A crowd of 40 concerned Central Floridians marched past the site of the Pulse nightclub shooting chanting their rallying cry: “No fly, no buy. How many more must die?”
The "March for Pulse," conducted Tuesday morning by the Mothers Demand Action for Gun Sense in America advocacy group, sought to demand a special session of the Florida legislature to discuss a policy that would prevent people on the federal “no-fly” list and other terror watch lists from purchasing firearms.
“This isn’t inspired by the Pulse shooting, per se,” said protest organizer Ayme Levy. “Rather, the Pulse massacre and other mass shootings are a culmination of events that lead us to action against gun violence.”
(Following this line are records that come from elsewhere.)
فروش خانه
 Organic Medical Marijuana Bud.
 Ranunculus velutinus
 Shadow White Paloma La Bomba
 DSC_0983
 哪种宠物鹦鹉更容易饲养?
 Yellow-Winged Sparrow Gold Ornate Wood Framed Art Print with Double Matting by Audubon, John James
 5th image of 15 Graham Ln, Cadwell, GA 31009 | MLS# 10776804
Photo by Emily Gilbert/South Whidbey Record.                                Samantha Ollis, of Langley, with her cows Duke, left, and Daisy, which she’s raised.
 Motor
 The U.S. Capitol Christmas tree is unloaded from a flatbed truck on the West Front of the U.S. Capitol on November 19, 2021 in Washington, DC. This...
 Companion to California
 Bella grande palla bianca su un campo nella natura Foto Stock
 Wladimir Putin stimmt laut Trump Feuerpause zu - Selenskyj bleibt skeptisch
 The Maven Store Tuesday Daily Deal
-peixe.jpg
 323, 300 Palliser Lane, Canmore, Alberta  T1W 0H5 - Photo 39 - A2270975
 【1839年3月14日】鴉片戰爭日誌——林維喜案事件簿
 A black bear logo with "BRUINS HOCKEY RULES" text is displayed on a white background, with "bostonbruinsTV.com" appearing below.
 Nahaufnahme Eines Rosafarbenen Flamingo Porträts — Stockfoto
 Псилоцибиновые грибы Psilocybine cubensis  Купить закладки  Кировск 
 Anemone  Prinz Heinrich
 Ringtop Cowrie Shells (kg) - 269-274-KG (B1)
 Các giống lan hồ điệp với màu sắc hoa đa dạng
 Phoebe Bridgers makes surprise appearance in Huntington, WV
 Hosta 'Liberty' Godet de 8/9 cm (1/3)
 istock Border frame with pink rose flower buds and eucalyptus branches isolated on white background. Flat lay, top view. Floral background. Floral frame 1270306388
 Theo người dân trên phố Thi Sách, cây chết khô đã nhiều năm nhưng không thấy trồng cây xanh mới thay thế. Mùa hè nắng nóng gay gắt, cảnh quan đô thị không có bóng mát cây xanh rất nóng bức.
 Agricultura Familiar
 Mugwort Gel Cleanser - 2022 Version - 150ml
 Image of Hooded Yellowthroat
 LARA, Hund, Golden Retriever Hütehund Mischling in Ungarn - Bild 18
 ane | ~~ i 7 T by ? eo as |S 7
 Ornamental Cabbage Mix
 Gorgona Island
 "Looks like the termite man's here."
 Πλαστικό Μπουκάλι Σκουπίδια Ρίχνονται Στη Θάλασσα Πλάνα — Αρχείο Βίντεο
Starting at Florida Senate President Andy Gardiner’s office and ending at Florida District 47 Rep. Mike Miller’s office, the protest asked for both legislators to address their concerns.
Both offices had letters on their doors claiming they were in meetings.
“What meeting is more important than the destruction of lives that happened right here?” said Henry Lim, one of several opponents for Miller’s seat in the House in attendance.
Meanwhile, Sen. Jared Soto and Rep. Jared Moskowitz held a press conference in front of the Orlando courthouse, where they and other Florida Democratic leaders turned over 40 letters calling for the special session.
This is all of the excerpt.